Excessive sternal retraction can result in a trauma to muscles, bones, tendons and ligaments beside its effects on the brachial plexus. A local inflammatory component will usually follow the surgery, in addition to a general inflammatory response due to cardiopulmonary bypass (21).
Preoperative anxiety, depression and catastrophizing (tendency to exaggerate the threat value of pain and to feel helpless in the context of pain), are associated with higher rates of chronic post sternotomy pain (32).
Management of chronic post sternotomy pain
It is essential to rule out important causes of chronic anterior wall pain such as myocardial ischemia, and mediastinitis in every cardiac surgery patient presenting with chest pain.
The management of chronic post sternotomy pain requires a multidisciplinary approach that starts first with preventive measures that involves intensive perioperative psychological, medical, physical therapy, and second utilizing pharmacological and non-pharmacological measures aimed at preventing and treating the factors that increase the risk of chronic post stereotomy pain and associated negative consequences (33).
The surgical therapy includes sternal wire removal; which may be an effective treatment for pain in a subgroup of patients. If the pain persists after wire removal, referral to a chronic pain management specialist is recommended.
Pharmacological treatment
Acute postoperative pain management
High doses of intravenous opioids are usually used for anesthesia during surgery, and parenteral opioids are used in the early post-operative period for pain relief (34).
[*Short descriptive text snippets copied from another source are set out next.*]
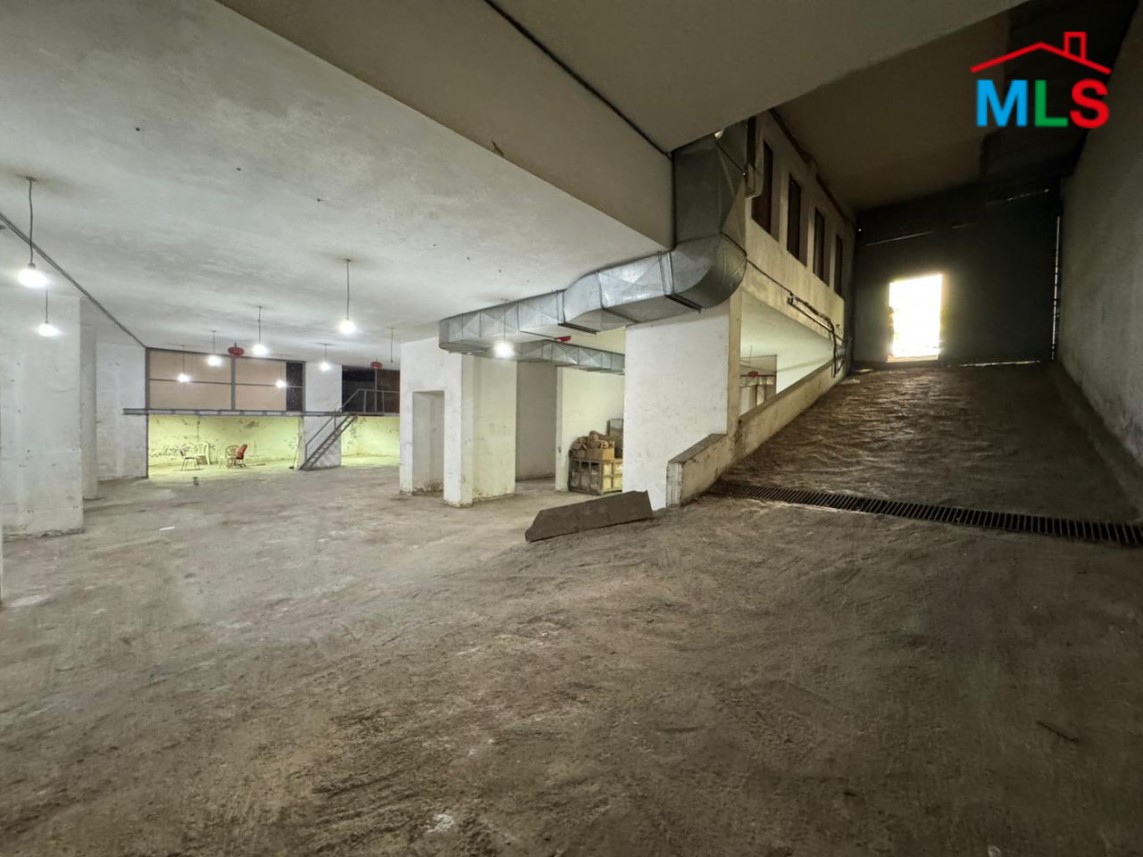 Spacious Warehouse For Rent in Hazmieh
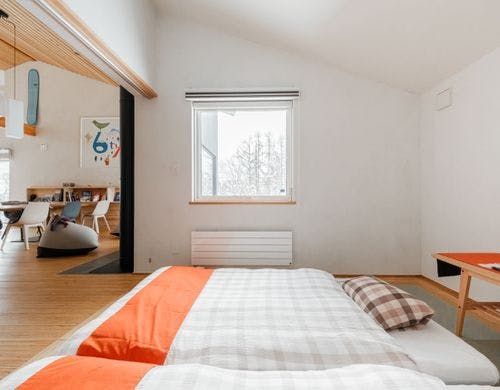 リビングと隣接の和室は、障子で仕切り可能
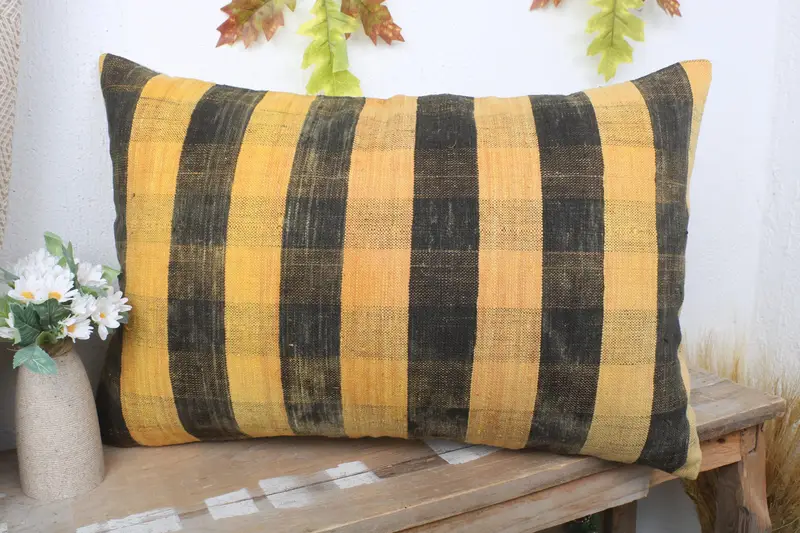 Boho Chic Pillow Cover, Handmade Rug Seat Cushion Case, 16x24 Yellow Cushion Cover, Kilim Pillow, Pillow, Vintage Kilim Pillow, Pillow for Sofa - 4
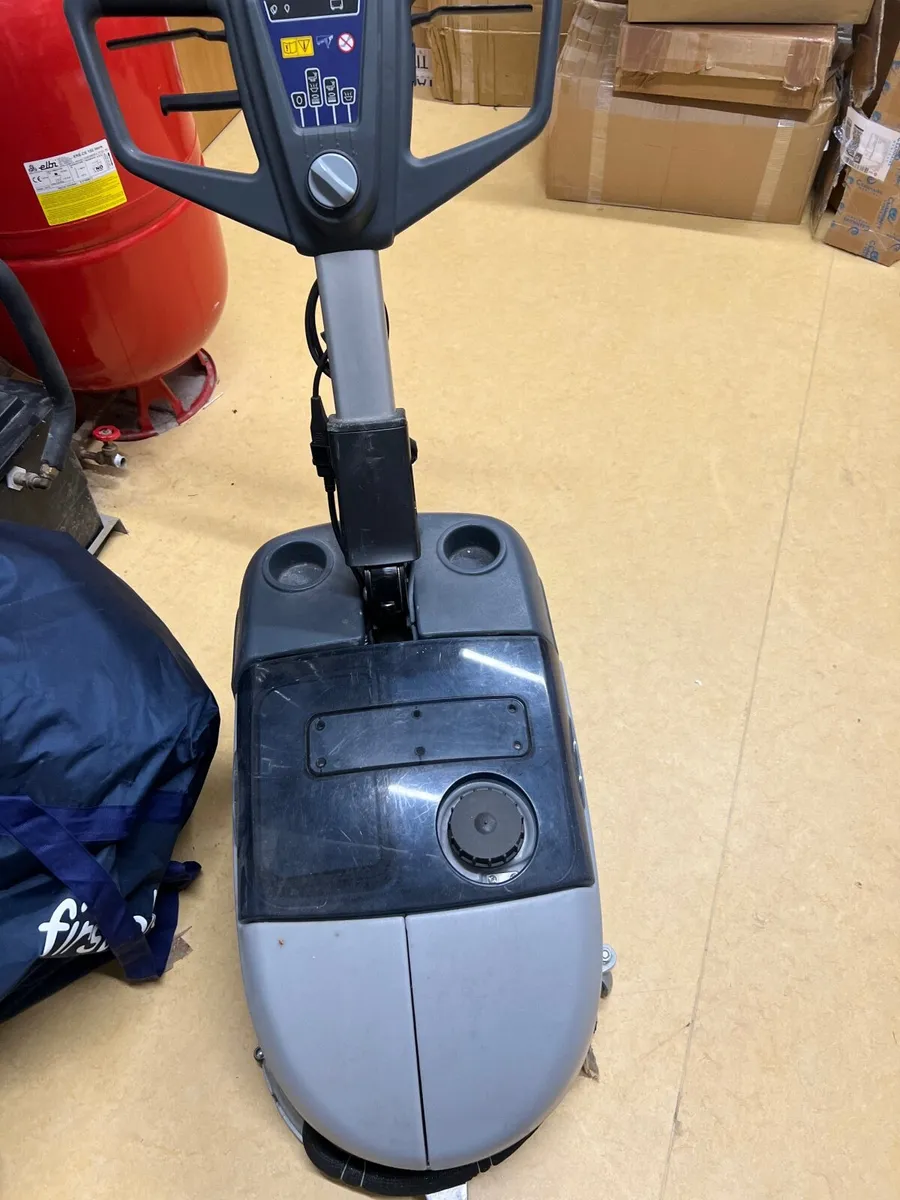 Nilfisk SC350 Battery Scrubber Dryer - Image 2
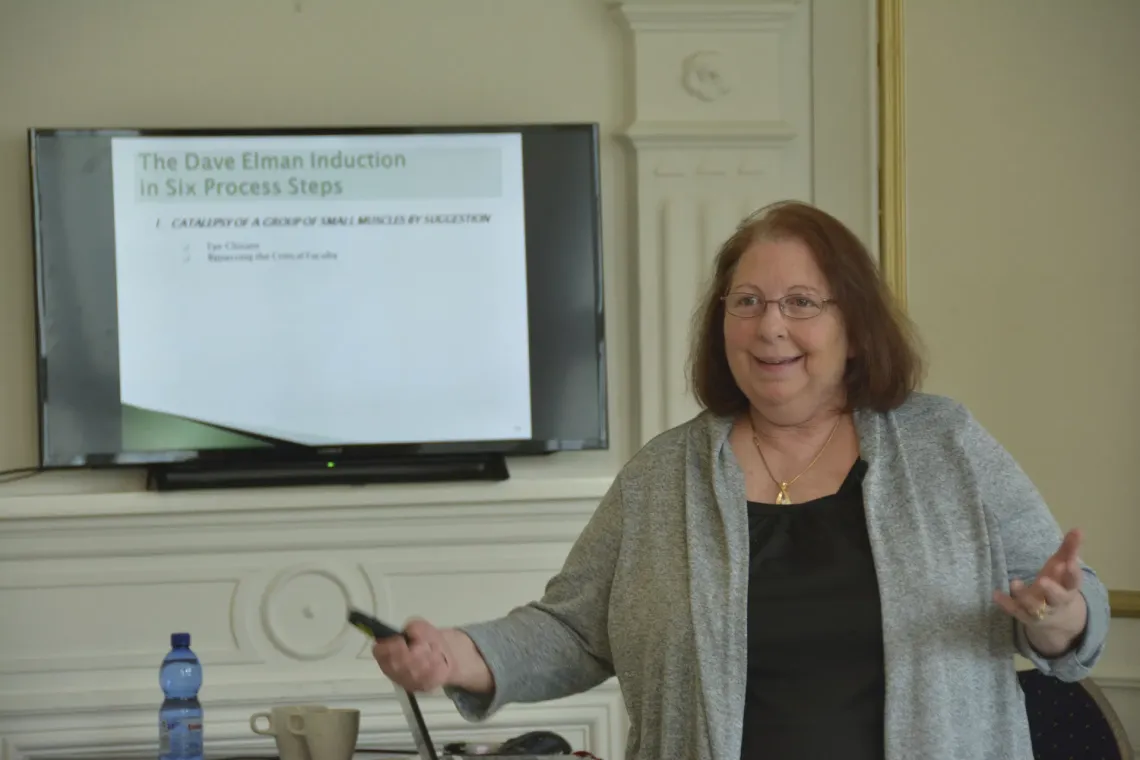 Cheryl Elman erklärt die Dave Elman Induktion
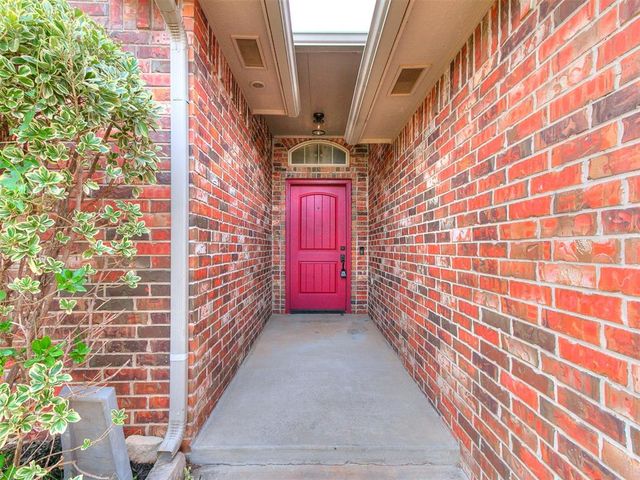 805 S Bouziden Drive, Moore, OK 73160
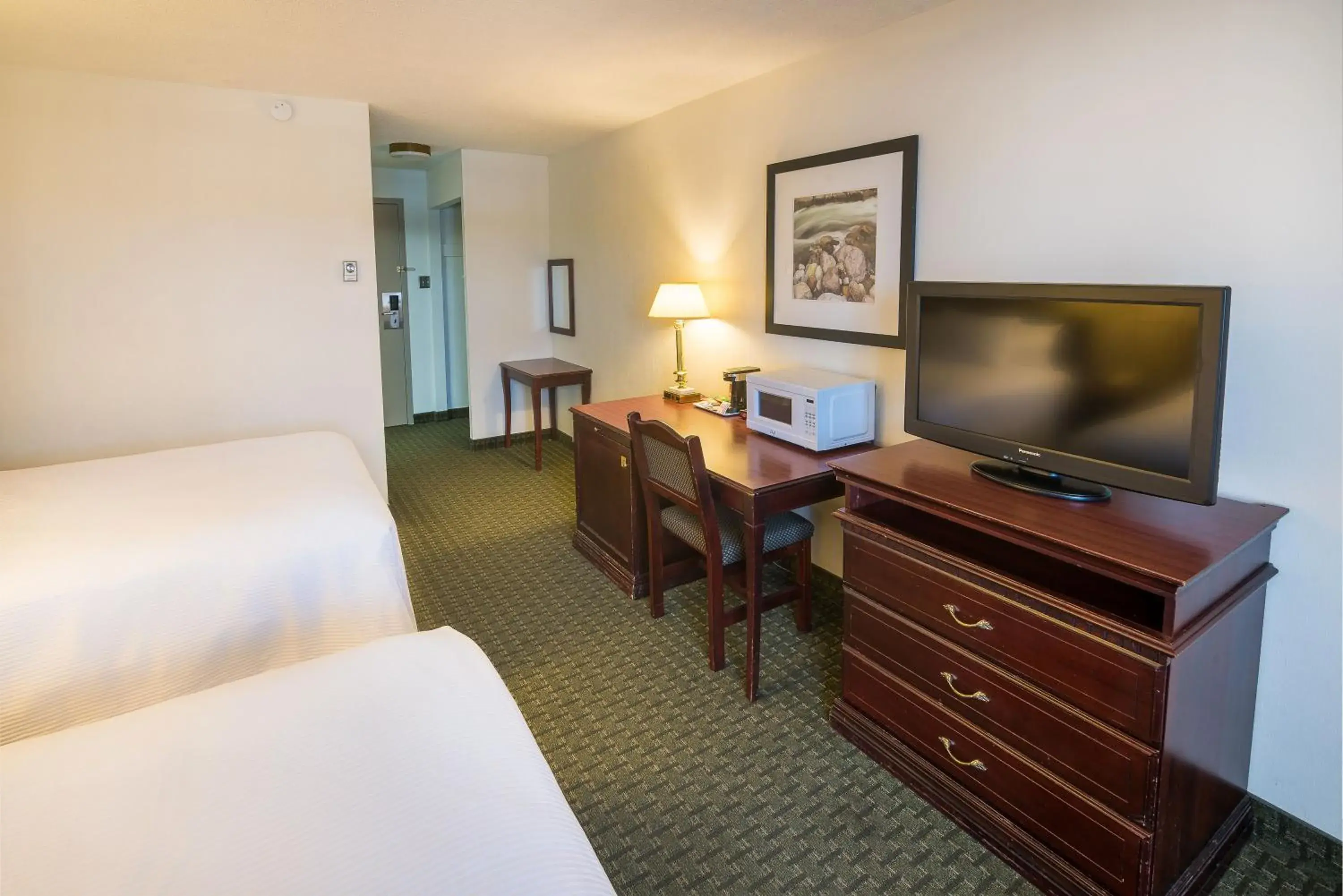 Bedroom, TV/Entertainment Center in Ramada by Wyndham Thunder Bay Airlane Hotel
There is a large list of added pain control medications to Opioid postoperatively in order to potentiate the analgesic effects and decrease the dose and side effects of opioid such as paracetamol, Ketamine and NON-steroidal anti-inflammatory (35-37).
Chronic pain management
A wide range of analgesics have been used in the treatment of chronic pain, opioid, non-opioid analgesics (simple and topical), non-steroidal anti-inflammatory drugs (NSAIDs), other anti-neuropathic drugs.
Opioids
Opioids have been used increasingly in chronic pain management. Wide range of opioids are being used including weak opioids such as codeine and tramadol and strong opioids such as morphine, diamorphine, hydromorphone, oxycodone, fentanyl, buprenorphine and methadone, there is no strong evidence that one opioid is better than another, but for an individual patient, one opioid can have a better effect versus adverse effect profile than others (38).
NSAID
NSAID has a modest beneficial effect in patients with chronic pain. No difference has been observed between different NSAIDs or between non-selective and cyclooxygenase (COX)-2 selective NSAIDs. Gastrointestinal, renal and cardiac and neurologic adverse effects are well established risks of long term regular NSAID treatment (39,40).
Anti-epilepsy drugs
Gabapentin has moderate beneficial effect in chronic pain relief; compared with diclofenac on chronic post sternotomy pain, gabapentin is superior than diclofenac. The relief of symptoms with gabapentin persists longer than diclofenac (41). Gabapentin is safe and effective in pain control with mild adverse effects commonly dizziness, somnolence, peripheral edema, and gait disturbance (42).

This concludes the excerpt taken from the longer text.